**WHAT THE TASK ASKS**.
Starting with the line that contains "一些球迷闯入了梅西下榻的酒店，赛事方不得不进行劝说！", copy every remaining line of the data below exactly, the last one included.

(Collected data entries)
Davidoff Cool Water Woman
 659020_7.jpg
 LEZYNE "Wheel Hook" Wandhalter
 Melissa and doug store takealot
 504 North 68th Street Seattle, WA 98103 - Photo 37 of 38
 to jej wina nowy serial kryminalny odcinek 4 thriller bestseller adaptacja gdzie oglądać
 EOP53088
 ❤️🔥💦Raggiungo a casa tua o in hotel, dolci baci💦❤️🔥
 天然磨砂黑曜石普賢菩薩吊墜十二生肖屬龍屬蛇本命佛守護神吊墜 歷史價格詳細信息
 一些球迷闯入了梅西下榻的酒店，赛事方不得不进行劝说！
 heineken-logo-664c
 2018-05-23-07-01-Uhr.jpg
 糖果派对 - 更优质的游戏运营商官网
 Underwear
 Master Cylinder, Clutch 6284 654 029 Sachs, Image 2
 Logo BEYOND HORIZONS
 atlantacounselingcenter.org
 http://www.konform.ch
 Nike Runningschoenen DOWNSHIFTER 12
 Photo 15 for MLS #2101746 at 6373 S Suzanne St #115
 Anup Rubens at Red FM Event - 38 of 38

**RESPONSE AREA**.
 一些球迷闯入了梅西下榻的酒店，赛事方不得不进行劝说！
 heineken-logo-664c
 2018-05-23-07-01-Uhr.jpg
 糖果派对 - 更优质的游戏运营商官网
 Underwear
 Master Cylinder, Clutch 6284 654 029 Sachs, Image 2
 Logo BEYOND HORIZONS
 atlantacounselingcenter.org
 http://www.konform.ch
 Nike Runningschoenen DOWNSHIFTER 12
 Photo 15 for MLS #2101746 at 6373 S Suzanne St #115
 Anup Rubens at Red FM Event - 38 of 38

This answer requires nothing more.